[Refactoring] What Is Refactoring?

This article was written with reference to Martin Fowler’s Refactoring 2nd Edition.

Martin Fowler’s Definition

The term refactoring is widely used among engineers. Martin Fowler, author of Refactoring, defines refactoring as follows.

[noun] A technique of changing the internal structure of the software to make it easier to understand and modify the code while maintaining the apparent behavior of the software.
[verb] To reorganize software by applying various refactoring techniques while maintaining the apparent behavior of the software.

Here, the meaning of the expression observable behavior is that the code behavior before and after refactoring is the same.

Many people express the task of organizing code as refactoring, and according to the definition presented above, refactoring only involves organizing code according to a specific method.

Refactoring involves numerous small steps sequentially creating changes, and during this process, the code must always work. If someone says they suffered for days because their code broke while refactoring, this is not refactoring in the true sense of the word.

two hats

When developing software, adding features and refactoring must be clearly distinguished depending on the purpose. Kent Beck liked this method to Two Hats.

Kent Beck is one of the pioneers of refactoring and helped Martin Fowler, author of refactoring, write the article.

When adding features, wear the add features hat and add new features.
When refactoring, I put on my refactoring hat and focus only on reorganizing the code.

While adding features, if you feel that it would be easier to work if you change the structure, change hats for a while and refactor.

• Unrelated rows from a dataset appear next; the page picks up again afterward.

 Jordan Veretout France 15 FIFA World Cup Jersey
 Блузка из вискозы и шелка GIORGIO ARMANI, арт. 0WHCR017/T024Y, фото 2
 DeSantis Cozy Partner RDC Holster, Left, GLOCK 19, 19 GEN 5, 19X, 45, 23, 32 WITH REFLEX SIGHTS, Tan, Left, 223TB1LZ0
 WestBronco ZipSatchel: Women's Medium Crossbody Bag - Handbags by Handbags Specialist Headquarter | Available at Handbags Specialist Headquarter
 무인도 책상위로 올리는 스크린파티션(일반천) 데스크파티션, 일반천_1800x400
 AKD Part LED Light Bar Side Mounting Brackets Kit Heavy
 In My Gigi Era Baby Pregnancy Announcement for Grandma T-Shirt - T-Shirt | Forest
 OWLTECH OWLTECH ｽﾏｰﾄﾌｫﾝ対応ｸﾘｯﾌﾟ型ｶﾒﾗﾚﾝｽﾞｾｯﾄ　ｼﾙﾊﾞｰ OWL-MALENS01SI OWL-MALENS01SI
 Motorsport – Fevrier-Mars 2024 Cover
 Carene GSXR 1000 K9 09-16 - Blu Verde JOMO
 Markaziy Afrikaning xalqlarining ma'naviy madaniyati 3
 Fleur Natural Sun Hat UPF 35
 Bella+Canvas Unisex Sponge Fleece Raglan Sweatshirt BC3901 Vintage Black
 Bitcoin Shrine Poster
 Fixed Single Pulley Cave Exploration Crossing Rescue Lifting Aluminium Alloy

Once the code structure has been improved to some extent, change hats again and continue adding features.

In this process, I must be clearly aware of the hat I am currently wearing and the differences in work methods accordingly.

Benefits of Refactoring

good software design
- If you only implement functions without understanding the architecture, the infrastructure will collapse.
- Ultimately, it becomes difficult to understand the design when looking at the code later.
- Refactoring prevents design corruption
Easy to understand software
- Source code isn’t just for computers to read
- Refactoring makes code more readable
- Make the purpose of your code more evident
- Make your intentions clearer
Easy to find bugs
- Making code easy to understand means making it easy to find bugs.
- A clear program structure makes it impossible to overlook bugs.
Accelerate programming speed
- It is easy to misunderstand that refactoring slows down development.
- Good design provides a solid foundation to help build new features
- Therefore, refactoring is essential for rapid development.

When to Refactor

Refactoring for Preparation

Right before adding a new feature to the code base
Look for areas where changing the structure would make other tasks much easier.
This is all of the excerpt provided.